▶ [TASK DESCRIPTION] Both the line containing "kitchen featuring gray" and the line containing "interior details featuring" belong to the span. Output exactly that span from the listing below, and nothing outside it.

▶ [RECORD EXTRACTS]
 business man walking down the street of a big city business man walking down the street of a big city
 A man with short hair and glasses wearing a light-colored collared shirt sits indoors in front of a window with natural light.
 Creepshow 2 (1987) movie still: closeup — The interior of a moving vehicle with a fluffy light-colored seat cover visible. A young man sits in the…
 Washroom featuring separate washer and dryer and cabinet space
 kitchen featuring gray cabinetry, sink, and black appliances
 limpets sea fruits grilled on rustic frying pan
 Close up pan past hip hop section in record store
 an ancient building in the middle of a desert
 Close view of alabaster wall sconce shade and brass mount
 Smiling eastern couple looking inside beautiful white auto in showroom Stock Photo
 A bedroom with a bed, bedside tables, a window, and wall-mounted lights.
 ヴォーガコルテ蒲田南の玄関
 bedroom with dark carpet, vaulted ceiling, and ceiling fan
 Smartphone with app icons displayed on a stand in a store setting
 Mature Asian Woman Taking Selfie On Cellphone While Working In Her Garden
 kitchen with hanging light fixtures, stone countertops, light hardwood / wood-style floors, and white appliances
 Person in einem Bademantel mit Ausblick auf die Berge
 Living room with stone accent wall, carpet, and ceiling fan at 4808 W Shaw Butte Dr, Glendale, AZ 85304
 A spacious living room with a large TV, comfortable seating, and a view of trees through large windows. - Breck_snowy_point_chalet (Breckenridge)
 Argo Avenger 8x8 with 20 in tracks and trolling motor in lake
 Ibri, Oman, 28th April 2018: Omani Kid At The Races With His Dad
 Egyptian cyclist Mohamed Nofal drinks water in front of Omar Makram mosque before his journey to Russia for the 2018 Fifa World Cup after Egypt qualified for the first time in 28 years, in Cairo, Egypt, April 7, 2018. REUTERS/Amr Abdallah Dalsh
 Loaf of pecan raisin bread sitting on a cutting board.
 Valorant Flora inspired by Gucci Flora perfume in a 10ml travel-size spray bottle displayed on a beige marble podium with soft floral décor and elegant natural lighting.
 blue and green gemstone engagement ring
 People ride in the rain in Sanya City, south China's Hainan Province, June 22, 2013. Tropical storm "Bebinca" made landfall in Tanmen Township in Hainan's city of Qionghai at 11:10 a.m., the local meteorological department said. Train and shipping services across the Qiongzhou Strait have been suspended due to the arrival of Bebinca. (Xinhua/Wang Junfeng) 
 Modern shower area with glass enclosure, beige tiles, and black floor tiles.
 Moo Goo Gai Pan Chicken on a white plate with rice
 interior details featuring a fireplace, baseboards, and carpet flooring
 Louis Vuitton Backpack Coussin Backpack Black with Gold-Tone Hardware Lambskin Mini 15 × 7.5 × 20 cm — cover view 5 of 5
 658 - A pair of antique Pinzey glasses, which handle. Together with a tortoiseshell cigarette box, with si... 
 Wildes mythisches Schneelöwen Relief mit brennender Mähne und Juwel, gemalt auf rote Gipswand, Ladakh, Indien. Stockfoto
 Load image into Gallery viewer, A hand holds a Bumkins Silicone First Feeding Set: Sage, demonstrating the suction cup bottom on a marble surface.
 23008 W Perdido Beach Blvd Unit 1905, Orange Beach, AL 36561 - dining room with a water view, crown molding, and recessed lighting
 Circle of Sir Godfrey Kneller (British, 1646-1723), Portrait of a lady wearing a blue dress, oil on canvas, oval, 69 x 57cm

▶ [WRITTEN RESPONSE]
 kitchen featuring gray cabinetry, sink, and black appliances
 limpets sea fruits grilled on rustic frying pan
 Close up pan past hip hop section in record store
 an ancient building in the middle of a desert
 Close view of alabaster wall sconce shade and brass mount
 Smiling eastern couple looking inside beautiful white auto in showroom Stock Photo
 A bedroom with a bed, bedside tables, a window, and wall-mounted lights.
 ヴォーガコルテ蒲田南の玄関
 bedroom with dark carpet, vaulted ceiling, and ceiling fan
 Smartphone with app icons displayed on a stand in a store setting
 Mature Asian Woman Taking Selfie On Cellphone While Working In Her Garden
 kitchen with hanging light fixtures, stone countertops, light hardwood / wood-style floors, and white appliances
 Person in einem Bademantel mit Ausblick auf die Berge
 Living room with stone accent wall, carpet, and ceiling fan at 4808 W Shaw Butte Dr, Glendale, AZ 85304
 A spacious living room with a large TV, comfortable seating, and a view of trees through large windows. - Breck_snowy_point_chalet (Breckenridge)
 Argo Avenger 8x8 with 20 in tracks and trolling motor in lake
 Ibri, Oman, 28th April 2018: Omani Kid At The Races With His Dad
 Egyptian cyclist Mohamed Nofal drinks water in front of Omar Makram mosque before his journey to Russia for the 2018 Fifa World Cup after Egypt qualified for the first time in 28 years, in Cairo, Egypt, April 7, 2018. REUTERS/Amr Abdallah Dalsh
 Loaf of pecan raisin bread sitting on a cutting board.
 Valorant Flora inspired by Gucci Flora perfume in a 10ml travel-size spray bottle displayed on a beige marble podium with soft floral décor and elegant natural lighting.
 blue and green gemstone engagement ring
 People ride in the rain in Sanya City, south China's Hainan Province, June 22, 2013. Tropical storm "Bebinca" made landfall in Tanmen Township in Hainan's city of Qionghai at 11:10 a.m., the local meteorological department said. Train and shipping services across the Qiongzhou Strait have been suspended due to the arrival of Bebinca. (Xinhua/Wang Junfeng) 
 Modern shower area with glass enclosure, beige tiles, and black floor tiles.
 Moo Goo Gai Pan Chicken on a white plate with rice
 interior details featuring a fireplace, baseboards, and carpet flooring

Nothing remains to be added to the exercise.